Closed prashantuniyal02 closed 1 year ago
@carcruz confirmed that the platform is struggling to resolve at least CHEMBL637
mechanism of action. A similar issue is observed when searching for the id directly.
@ireneisdoomed do you mind having a look at the data? No rush we are not waiting for this issue to be fixed.

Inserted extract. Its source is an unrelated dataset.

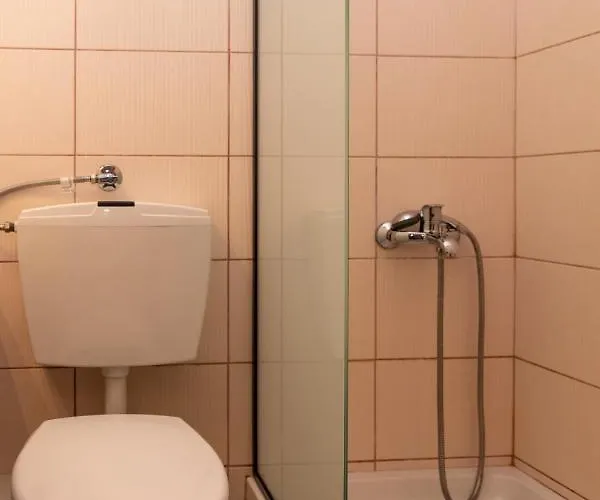 מלון דירות Arsas 4*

Minimal API example reproducing the issue:
query q{
drug(chemblId: "CHEMBL637"){
id
mechanismsOfAction{
uniqueActionTypes
}
}
}
response:
{
"data": {
"drug": {
"id": "CHEMBL637",
"mechanismsOfAction": null
}
},
"errors": [
{
"message": "Internal server error",
"path": [
"drug",
"mechanismsOfAction"
],
"locations": [
{
"line": 4,
"column": 5
}
]
}
]
}
The nulls
look off:
In [18]: df.filter(f.array_contains(f.col("chemblIds"), "CHEMBL637")).show()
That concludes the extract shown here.